Chopping Beats = Virtual Sampler or Groove Clips? esp. w/ Recycle
Hi there,
I've been a longtime Cakewalk user (since it was just midi!), and spent ~10 years (mid 1990s-mid 2000s) making beats w/ hardware samplers & external machines... but have since come back after a long break (mid-2000s to now) and am getting started again.
I know a popular answer to my kind of question will always be "whatever is better for your workflow"... but i'm interested in getting some feedback from people who have been doing lots more Beat-Creation purely 'in the box' on this question =
My drum-programming habit was always to take drum breaks off vinyl, chop them up in Recycle, and dump them to an external Akai sampler, where i'd program the beat in midi on the computer.
However, doing that same process "in the box" (with software samplers) seems redundant to me, given that Sonar can read REX2 files directly, and import them as 'Groove Clips', which i have little experience with.
Currently, i'm still doing something similar to what i've always done - chopping up breaks in Recycle, then dumping to Battery (native instruments drum sampler), and doing the pattern-editing in MIDI.
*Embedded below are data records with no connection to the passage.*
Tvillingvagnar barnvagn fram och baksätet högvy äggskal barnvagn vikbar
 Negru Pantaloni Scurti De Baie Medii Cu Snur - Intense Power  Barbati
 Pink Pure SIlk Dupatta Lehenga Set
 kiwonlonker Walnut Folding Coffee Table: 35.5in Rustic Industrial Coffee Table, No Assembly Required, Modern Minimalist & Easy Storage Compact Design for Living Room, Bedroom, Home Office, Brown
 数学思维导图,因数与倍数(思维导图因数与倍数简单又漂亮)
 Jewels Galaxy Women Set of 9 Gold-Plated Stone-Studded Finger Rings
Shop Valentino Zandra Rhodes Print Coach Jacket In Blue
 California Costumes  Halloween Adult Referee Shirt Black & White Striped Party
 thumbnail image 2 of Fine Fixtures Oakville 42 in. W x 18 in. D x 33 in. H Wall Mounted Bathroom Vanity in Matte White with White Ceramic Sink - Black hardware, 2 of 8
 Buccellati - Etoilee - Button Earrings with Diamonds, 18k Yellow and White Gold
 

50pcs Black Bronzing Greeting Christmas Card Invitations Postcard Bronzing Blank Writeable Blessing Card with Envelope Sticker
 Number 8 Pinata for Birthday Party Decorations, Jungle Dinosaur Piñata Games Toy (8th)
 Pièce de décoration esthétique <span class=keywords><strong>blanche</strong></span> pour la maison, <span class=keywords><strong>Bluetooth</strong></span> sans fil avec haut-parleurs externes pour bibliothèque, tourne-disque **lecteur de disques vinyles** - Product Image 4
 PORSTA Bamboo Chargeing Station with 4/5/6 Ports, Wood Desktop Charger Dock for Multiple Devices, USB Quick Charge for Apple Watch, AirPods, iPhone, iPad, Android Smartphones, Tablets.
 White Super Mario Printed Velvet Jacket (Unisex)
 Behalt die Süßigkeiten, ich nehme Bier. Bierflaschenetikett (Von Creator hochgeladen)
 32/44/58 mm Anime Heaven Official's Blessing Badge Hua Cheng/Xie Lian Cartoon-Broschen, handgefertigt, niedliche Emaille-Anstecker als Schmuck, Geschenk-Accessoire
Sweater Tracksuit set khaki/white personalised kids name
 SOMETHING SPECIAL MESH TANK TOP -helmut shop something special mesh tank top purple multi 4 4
But i've been wondering - why bother with the sampler at all? Its occurring to me that the internal timing in the drum break is probably better-preserved by working directly with the audio-clips, rather than resequencing the pattern in MIDI, where things will get quantized.
Do people have any preferences for one over the other? are there still any advantages to doing things this way with a software sampler? or can drum-programming via Groove clips reduce system overhead, and provide better timing?
I'm sure someone has probably asked this question before, but my digging produced nothing. Thanks to anyone who can provide any insight, or re-direct me to other threads.